MAYOR of Liverpool Joe Anderson took to Twitter yesterday to express his fury after it was announced that there is to be a public inquiry into the Welsh Streets regeneration scheme.
The go-ahead for the £15 million plan was given in July, but the plans were frozen just hours later by Eric Pickles, the Communities and Local Government Secretary, to give him time to consider whether a public inquiry was needed.
Yesterday he decided it was.
The Govenment had said all along that it wanted planning applications to be decided by local councils, but Pickles qualified the decision, saying it "considers in this instance that the proposal may conflict with national policy and has greater than local importance".
Housing association Plus Dane, which is managing the project, said any delays could jeopardise its funding - half of it coming from the same Government - as to qualify building must be completed by March 2015.
Mayor Anderson branded the decision malicious and hypocritical.
"Tory hypocrites spout localism+ then ignore community voices. Calling in the Welsh Streets plan is political malice. #shameful" he tweeted.
Later, a much longer statement was issued from the Mayor's Office in which Anderson said: “I am personally fed up with government interference like this, which has now delayed local people having the good quality homes they deserve. All this community wants is certainty and the government has slapped them in the face with this decision.
Ringo
"I am absolutely incensed that Mr Pickles, who supposedly champions localism, has ignored the overwhelming views of local people, and called this in, particularly when his own department has allocated funds towards the project.”

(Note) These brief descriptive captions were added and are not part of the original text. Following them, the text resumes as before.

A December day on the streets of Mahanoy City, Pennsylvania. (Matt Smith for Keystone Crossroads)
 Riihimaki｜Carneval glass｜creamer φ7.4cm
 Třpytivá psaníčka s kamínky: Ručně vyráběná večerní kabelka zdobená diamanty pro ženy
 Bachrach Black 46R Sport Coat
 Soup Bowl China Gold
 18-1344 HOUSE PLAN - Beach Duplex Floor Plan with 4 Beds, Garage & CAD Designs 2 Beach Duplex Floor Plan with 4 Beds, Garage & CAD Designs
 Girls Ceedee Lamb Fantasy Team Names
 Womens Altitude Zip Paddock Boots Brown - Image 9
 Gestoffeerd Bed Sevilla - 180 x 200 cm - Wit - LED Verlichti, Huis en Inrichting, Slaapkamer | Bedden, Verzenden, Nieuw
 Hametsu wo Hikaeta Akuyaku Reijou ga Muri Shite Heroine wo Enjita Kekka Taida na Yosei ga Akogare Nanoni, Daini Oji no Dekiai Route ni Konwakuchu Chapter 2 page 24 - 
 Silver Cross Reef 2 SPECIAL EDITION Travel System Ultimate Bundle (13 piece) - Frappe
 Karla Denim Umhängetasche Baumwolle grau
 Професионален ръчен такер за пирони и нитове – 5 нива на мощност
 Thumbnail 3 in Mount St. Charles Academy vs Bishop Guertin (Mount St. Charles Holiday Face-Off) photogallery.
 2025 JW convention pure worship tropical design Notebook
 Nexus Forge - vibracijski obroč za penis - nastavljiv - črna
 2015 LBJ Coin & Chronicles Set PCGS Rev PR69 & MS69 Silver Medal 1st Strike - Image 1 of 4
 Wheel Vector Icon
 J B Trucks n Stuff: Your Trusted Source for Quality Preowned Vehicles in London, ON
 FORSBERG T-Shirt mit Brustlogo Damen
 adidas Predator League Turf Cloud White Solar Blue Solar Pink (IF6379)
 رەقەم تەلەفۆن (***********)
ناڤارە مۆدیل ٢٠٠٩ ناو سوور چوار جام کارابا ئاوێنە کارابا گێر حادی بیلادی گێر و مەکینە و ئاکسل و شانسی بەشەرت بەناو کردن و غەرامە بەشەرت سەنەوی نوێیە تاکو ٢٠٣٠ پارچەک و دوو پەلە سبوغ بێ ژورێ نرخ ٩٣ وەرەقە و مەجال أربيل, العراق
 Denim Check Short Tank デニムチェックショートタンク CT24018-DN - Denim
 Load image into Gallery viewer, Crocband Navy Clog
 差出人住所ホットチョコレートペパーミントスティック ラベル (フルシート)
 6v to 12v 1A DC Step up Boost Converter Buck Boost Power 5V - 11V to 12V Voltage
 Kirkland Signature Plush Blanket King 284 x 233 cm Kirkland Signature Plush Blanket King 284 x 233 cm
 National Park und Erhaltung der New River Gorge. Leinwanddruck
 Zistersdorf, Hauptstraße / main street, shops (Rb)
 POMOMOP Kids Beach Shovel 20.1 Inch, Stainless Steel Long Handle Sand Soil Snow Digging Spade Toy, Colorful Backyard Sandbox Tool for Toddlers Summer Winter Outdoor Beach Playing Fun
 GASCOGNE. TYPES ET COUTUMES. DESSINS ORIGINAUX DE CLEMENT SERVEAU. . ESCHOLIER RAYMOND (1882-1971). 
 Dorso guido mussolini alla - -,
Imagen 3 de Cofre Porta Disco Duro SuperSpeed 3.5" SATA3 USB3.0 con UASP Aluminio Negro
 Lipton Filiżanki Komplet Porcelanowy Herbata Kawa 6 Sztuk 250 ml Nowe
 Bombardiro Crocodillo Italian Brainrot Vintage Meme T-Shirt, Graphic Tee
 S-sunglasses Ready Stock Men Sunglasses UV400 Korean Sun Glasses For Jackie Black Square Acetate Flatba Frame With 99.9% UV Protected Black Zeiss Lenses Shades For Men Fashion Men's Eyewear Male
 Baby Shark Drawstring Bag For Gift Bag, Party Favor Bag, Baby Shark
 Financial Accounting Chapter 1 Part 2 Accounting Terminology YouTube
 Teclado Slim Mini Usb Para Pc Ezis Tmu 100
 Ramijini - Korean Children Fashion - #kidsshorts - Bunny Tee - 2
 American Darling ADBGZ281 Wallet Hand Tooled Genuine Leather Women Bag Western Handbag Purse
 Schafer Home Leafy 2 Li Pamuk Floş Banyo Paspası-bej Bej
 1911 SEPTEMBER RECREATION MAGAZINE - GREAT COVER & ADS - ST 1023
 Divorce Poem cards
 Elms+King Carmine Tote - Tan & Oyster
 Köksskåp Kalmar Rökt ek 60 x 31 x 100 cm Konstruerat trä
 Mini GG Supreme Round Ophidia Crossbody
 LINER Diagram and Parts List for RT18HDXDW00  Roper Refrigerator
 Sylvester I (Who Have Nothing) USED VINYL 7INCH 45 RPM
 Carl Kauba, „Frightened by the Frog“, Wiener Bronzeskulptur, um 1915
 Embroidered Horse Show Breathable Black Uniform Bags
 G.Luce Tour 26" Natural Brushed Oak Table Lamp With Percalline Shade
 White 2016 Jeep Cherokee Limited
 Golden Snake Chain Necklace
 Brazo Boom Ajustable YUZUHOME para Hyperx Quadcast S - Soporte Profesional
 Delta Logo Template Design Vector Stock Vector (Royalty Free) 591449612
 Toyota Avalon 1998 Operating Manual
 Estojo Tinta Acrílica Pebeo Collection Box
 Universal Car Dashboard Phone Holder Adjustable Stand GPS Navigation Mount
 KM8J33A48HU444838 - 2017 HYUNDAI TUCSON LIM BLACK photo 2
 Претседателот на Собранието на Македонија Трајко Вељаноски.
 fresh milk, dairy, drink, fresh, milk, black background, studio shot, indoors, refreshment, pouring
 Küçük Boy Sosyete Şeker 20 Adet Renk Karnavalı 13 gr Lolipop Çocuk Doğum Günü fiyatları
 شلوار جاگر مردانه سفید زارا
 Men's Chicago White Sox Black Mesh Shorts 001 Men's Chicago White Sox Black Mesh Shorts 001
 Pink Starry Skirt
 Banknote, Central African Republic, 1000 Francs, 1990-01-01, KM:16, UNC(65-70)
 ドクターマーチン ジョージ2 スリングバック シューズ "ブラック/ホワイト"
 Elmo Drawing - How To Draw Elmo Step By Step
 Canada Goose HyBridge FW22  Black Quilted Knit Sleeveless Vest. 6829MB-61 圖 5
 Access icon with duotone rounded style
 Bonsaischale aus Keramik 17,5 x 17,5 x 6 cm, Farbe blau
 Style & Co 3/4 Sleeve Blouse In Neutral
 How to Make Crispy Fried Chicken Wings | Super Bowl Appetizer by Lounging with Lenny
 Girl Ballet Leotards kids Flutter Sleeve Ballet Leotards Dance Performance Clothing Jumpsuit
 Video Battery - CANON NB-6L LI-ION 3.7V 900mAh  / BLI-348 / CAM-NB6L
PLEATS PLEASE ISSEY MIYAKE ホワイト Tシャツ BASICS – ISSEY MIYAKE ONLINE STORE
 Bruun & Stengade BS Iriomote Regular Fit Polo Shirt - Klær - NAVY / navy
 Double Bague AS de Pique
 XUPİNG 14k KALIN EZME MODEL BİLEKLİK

The City Council’s planning committee on 23 July had approved plans for a regeneration scheme which would have seen 150 new high-quality homes built, the refurbishment of 37 terraced properties and the demolition of 280 homes. The frontage of Ringo Starr's birthplace in Madryn Street will remain.
Mayor Anderson said: “These proposals were drawn up after extensive consultation with residents. It is residents that have been badly let down by this decision."
Planning Minister Nick Boles said: "The government is committed to giving power to councils and communities to decide their own planning decisions and only calls-in cases very rarely.
"Each case is always carefully considered on its own facts.
"The Welsh Streets application has attracted national controversy and has broader implications for the historic environment. It involves issues of more than local importance."
Pickles said arrangements for the public inquiry "will be made shortly" and details advertised locally nearer the time.
Anderson urged: “We’ve been forced into this and so it must take place as quickly as possible. The uncertainty that this community have faced for far too long shouldn’t be prolonged for a moment longer than it needs to be."
The case for keeping
Dingle supporters of the Plus Dane plan say their lives have been blighted for 13 years, forcing them to live in a rat invested environment in damp and squalid homes, but heritage campaigners believe there is a middle way.
Jonathan Brown told Confidential in July: “We are not opposing people having new homes if that is what they want, but there is scope here to save far more houses. As things stand fewer than 10 percent of the houses in the Welsh Street area will be refurbished and the rest cleared. It has already cost at least £20m just to buy and board up these houses. This has been a policy of managed decline.”
Clementine Cecil, of Save Britain’s Heritage, added at the time: “It has been demonstrated around the country that if there is a will, old houses are capable of being restored and re-used,” she said. “It could happen her in the Welsh streets... If every one of the houses in Welsh streets were restored there would be more than enough people eager to move in.”